The Oct. 12 meeting was supposed to be Melecio Andazola Morales' last official interview before being approved for permanent residency in the U.S.

"He was really excited," Marquez, a senior at Yale University, told As It Happens host Carol off. "You know, making plans for the future, assuming that he was going to have his green card."

Instead, he was arrested by three Immigration and Customs Enforcement (ICE) officers and placed in a detainment centre, from which he faces deportation to Mexico.

"He's a little bit anxious, has been having trouble sleeping, but is hopeful that he'll get out soon and wants to be with his family soon," Marquez said.

She's written about the experience in a New York Times opinion piece called "I Accidentally Turned My Dad In to Immigration Services."

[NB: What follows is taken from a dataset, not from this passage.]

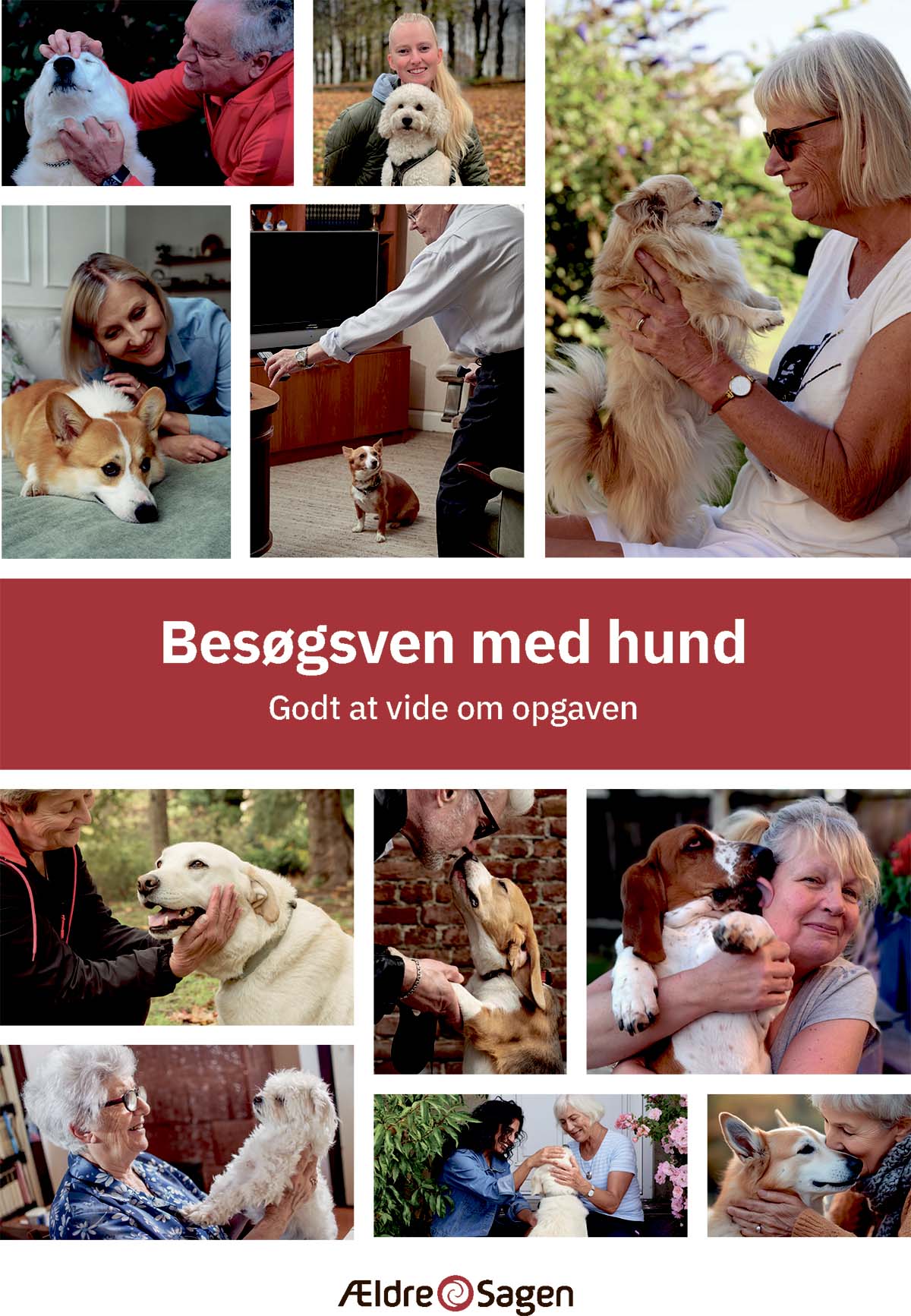 Besøgsven med hund - godt at vide om opgaven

Morales, a father of four, is the sole breadwinner for his family. He's been living, working and paying taxes in the U.S. since 1998 and has no criminal record, Marquez said.

While Marquez and her siblings are U.S. citizens, she said her father's undocumented status has always loomed over her family. 

She remembers being little and driving to the mall with her parents and grandmother. In the parking lot, her parents noticed there were ICE officials in the mall and started whispering about "la migra." 

"They just explained, 'Well, we can't go in with you, but you can go in with your grandma,'" Marquez said. "That's kind of when I realized that there was difference between me and my parents and how we were living in the U.S."

Morales, centre, is the sole breadwinner for his family. (Submitted by Viviana Andazola Marquez)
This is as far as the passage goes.